Go back home

Analyzing Spotify streaming history in Kusto (Azure Data Explorer)

Last modified: 01/19/2019

Like many people out there, I love listening to music, wherever I go, whenever possible. And, like many others, I use a music streaming service to do so. My personal choice is Spotify.

I usually just push ‘Play’ without paying too much attention to what’s playing, but I thought it would be nice to make some sense of what I’ve been listening to. And, I couldn’t think of a simpler or better way to do that than using Kusto (Azure Data Explorer).

(Some of the data points in this post have been altered for the sake of privacy)

Getting the source data

Did you know?

Spotify makes it possible to download a list of items (e.g. songs, videos, and podcasts) you’ve listened to or watched in the past 90 days, including:

  • Name of “creator” for each stream (e.g. the artist name if a music track).
  • Name of items listened to or watched (e.g. title of music track or name of video).
  • Date and time of the stream.

Once you get the “Your data is available to download” email (it could take a few days after your request), you can download the aforementioned data set in a standard JSON format, which makes it super easy to analyze in Kusto (Azure Data Explorer).

The data I used is the one in the file named StreamingHistory.json. Here’s an example of a few records from it:

    "endTime": "2018-10-04 02:32",
    "artistName": "Hozier",
    "trackName": "Moment's Silence (Common Tongue)",
    "msPlayed" : 1000
    "endTime": "2018-10-04 02:35",
    "artistName": "Alex Lustig",
    "trackName": "U",
    "msPlayed" : 179425
    "endTime": "2018-10-04 02:37",
    "artistName": "Shallou",
    "trackName": "Find",
    "msPlayed" : 127103
    "endTime": "2018-10-04 02:40",
    "artistName": "King Princess",
    "trackName": "1950",
    "msPlayed" : 222211

Ingesting the data into Kusto (Azure Data Explorer)

Kusto.Explorer makes it super easy to ingest this JSON file into a table in your Kusto database. [I’ve already demonstrated it in the Update policies for in-place ETL in Kusto (Azure Data Explorer) post.

The entire process literally took me less than 1 minute.

For this specific file, it’s as simple as:

1. Creating the target table

I’ll do so using the .create table command.
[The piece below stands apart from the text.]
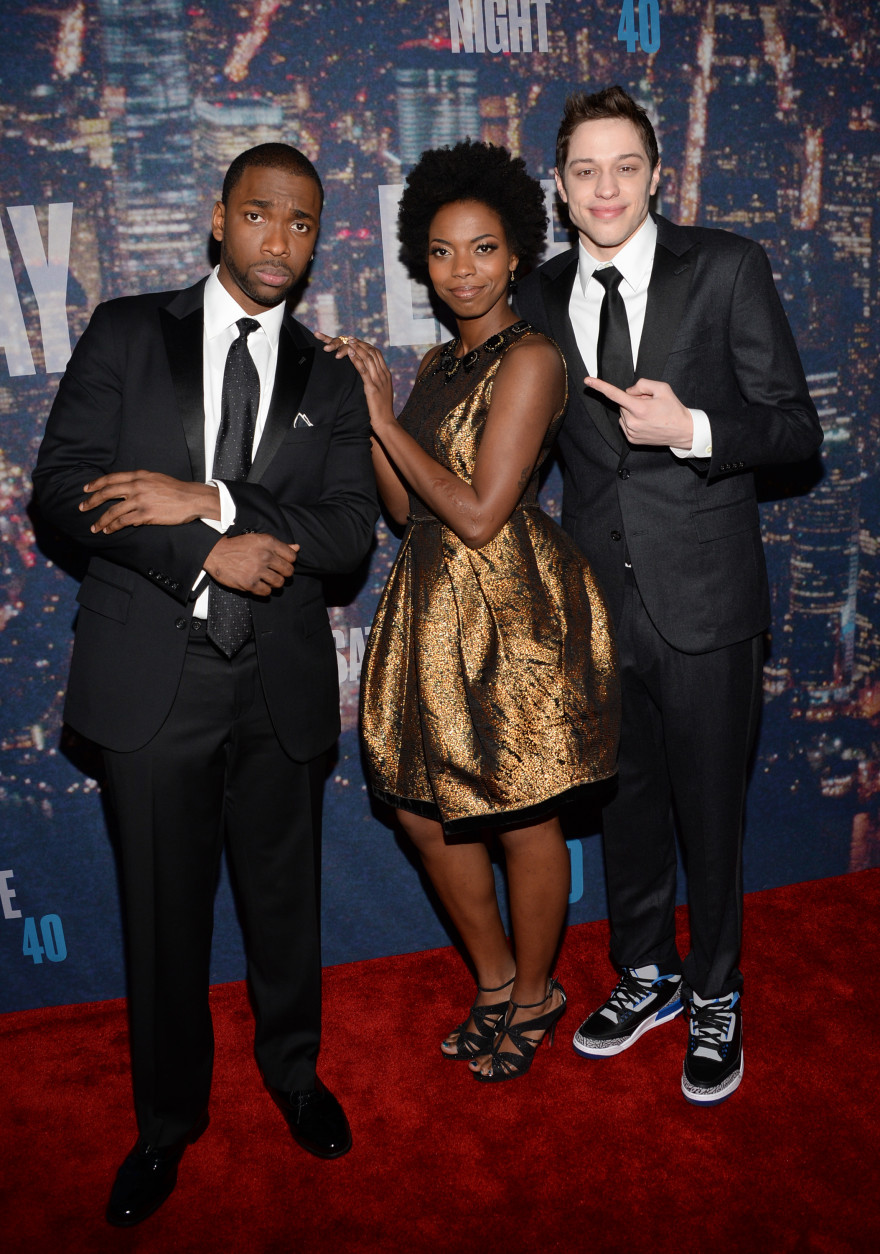 Jay Pharoah, from left, Sasheer Zamata and Pete Davidson arrive at the Saturday Night Live 40th Anniversary Special at Rockefeller Plaza on Sunday, Feb. 15, 2015, in New York. (Photo by Evan Agostini/Invision/AP)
You can choose a different table name, or different column names / order.

.create table SpotifyStreamingHistory (ArtistName:string, TrackName:string, EndTime:datetime, MillisecondsPlayed:long)

2. Verifying the JSON ingestion mapping

Kusto.Explorer does the heavy-lifting for you and auto-populates the Mapping field. Tou should just make sure the column names match the ones you specified when you created the table.

Here’s the mapping I used:

    "column": "EndTime",
    "path": "$.endTime",
    "datatype": "datetime"
    "column": "ArtistName",
    "path": "$.artistName",
    "datatype": "string"
    "column": "TrackName",
    "path": "$.trackName",
    "datatype": "string"
    "column": "MillisecondsPlayed",
    "path": "$.msPlayed",
    "datatype": "long"

3. Specifying the multijson format

The format used in the files provided by Spotify is supported by Kusto, you simply need to choose multijson in the Format field.

Now, hit Start and your data will be ingested quickly into the destination table.

Analyzing the data

Let’s see how the data looks like in Kusto:

| limit 5
ArtistName TrackName EndTime MillisecondsPlayed
Elliot Moss Falling Down and Getting Hurt 2018-10-30 00:07:00.0000000 109930
Elliot Moss Even Great Things 2018-12-07 06:15:00.0000000 212158
Elliot Moss Big Bad Wolf 2018-12-07 06:19:00.0000000 221954
Elliot Moss VCR Machine (Bonus Track) 2018-12-07 06:12:00.0000000 307634
Elliot Moss Best Light 2018-12-07 06:24:00.0000000 324389

Great! Everything is as expected. Which means - I can start having some fun, using Kusto’s query language and its rich analytical capabilities. It goes without saying, all of these queries complete super-fast.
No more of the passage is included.